Agora, ao que parece, o correto é a leitura tutelada, orientada. Antigamente, a literatura infantil era liberdade, escape, território autônomo em que a imaginação do jovem, ainda não embotada pela experiência, o levava a uma felicidade mais tarde irreproduzível. Agora talvez se diga ‘você gostou disso, por aquilo; e não gostou disso, porque não é para gostar, está errado’. A boa literatura dá lições como consequência, não como objetivo. Deve-se ensinar a ler por prazer, de maneira desarmada e aberta – e não há como desconfiar dos clássicos como Lobato, os clássicos são clássicos porque são clássicos.

A literatura, como a vida, não é certinha. A ficção até que arruma os acontecimentos, lhes empresta enredos e sentidos que na vida real não têm. Mas, como a vida, a ficção mostra contradições, reflete dilemas, exibe defeitos, ilumina a existência humana. Quem entra num romance deve entrar sozinho, a viagem é individual e intransmissível. E até mesmo essa conversa de necessidade de contextualizar o livro é bem discutível. No meu tempo de menino, ninguém precisou contextualizar os livros de Tarzan para aceitar a África dele, assim como não se contextualizava Robin Hood, D’Artagnan, Jorge Amado, Érico Veríssimo ou quem lá fosse que aparecesse num romance, a contextualização era automática, vinha do bom texto.

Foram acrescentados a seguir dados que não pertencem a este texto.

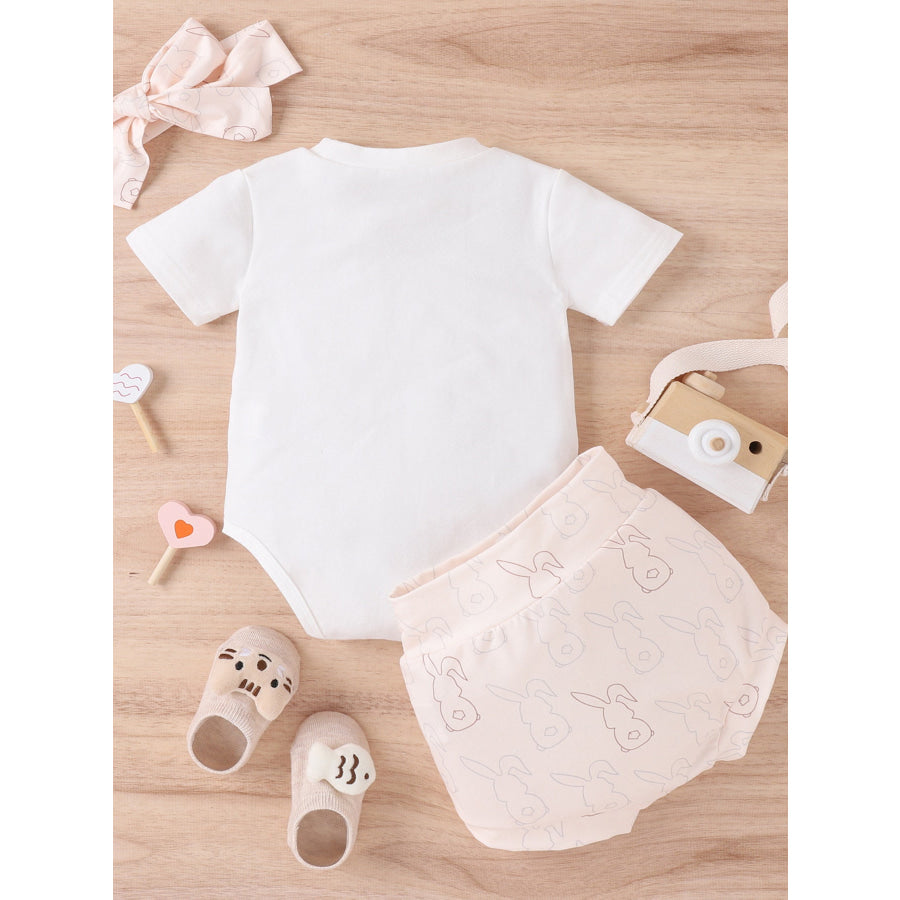 Children’s Letter Graphic Short Sleeve Top and Shorts Set Apparel and Accessories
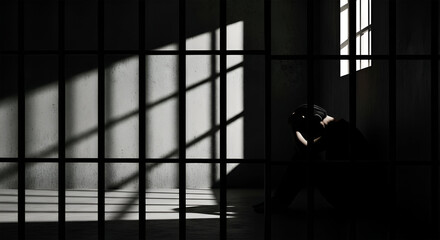 A solitary figure sits slumped within the confines of a prison cell, sunlight casting shadows through the bars.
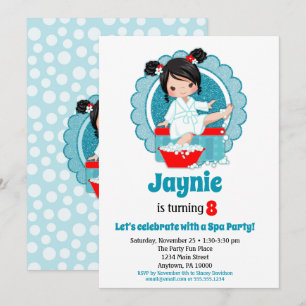Black Hair Spa Party Girls Birthday Invitation Kaart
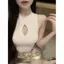 2026 Sweet Hot Scheming Pure Desire Style Đơn giản Màu trơn Dây dệt kim Áo Vest nữ Mùa hè Phong cách mới Hot Girl Chic Slim-fit Inner Short Top HALTER Đẹp Đáy lưng bên trong bên ngoài Hai lần mặc Cami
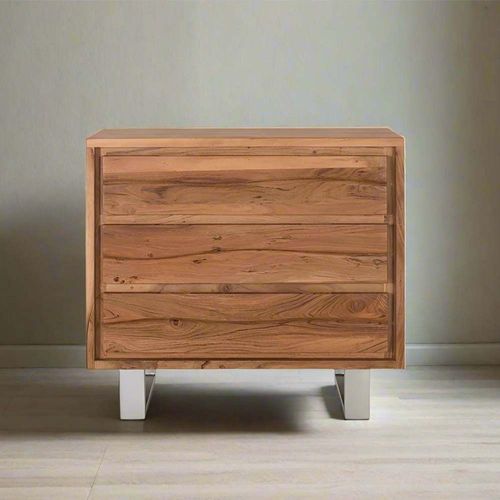 Monza Natural Acacia Wood 3 Drawer Chest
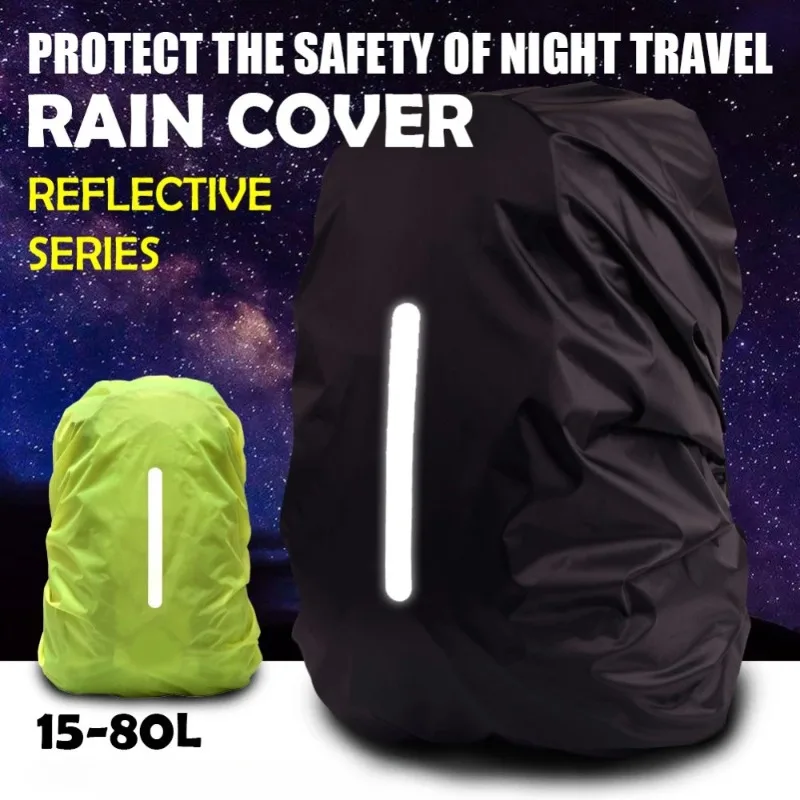 Reflektierende Wasserdichte Rucksack Regen Abdeckung Outdoor Sport Nacht Radfahren Sicherheit Licht Regen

Finalmente, em que medida os defeitos não são subjetivos, ou seja, não estão apenas na mente e na percepção de quem os aponta? Existirá um racismômetro? E, mais ainda, não haverá outras áreas sensíveis? Acho que a adoção de mais controles é decorrência lógica e questão de justiça. Temos por exemplo a antropologia ultrapassada de Euclides da Cunha, o tal que falou no ‘mestiço neurastênico do litoral’. É tão presente nele essa visão antropológica superada (além de ofensiva a grupos raciais; eu mesmo sou mestiço neurastênico do litoral e as mulheres sempre me discriminaram) que o melhor seria mandar um antropólogo correto e moderno reescrever Os Sertões, para quê o velho? Esperemos também alegações de violência contra mulheres (Barba-Azul), machismo (Bolinha), ódio a uma espécie em extinção (o lobo de Chapeuzinho Vermelho), exploração de deficientes verticais (os anões de Branca de Neve), apologia da bruxaria (a Bela Adormecida) e assim por diante. Olhando para trás, chego a ter um arrepio, em ver como escapamos por pouco de termos as personalidades deformadas pela leitura irresponsável dos clássicos, esses repositórios de traições, assassinatos, incestos, preconceitos, guerras, adultérios e tudo mais que o planejamento científico logo eliminará. Melhor por enquanto ficar longe deles e aguardar instruções das autoridades.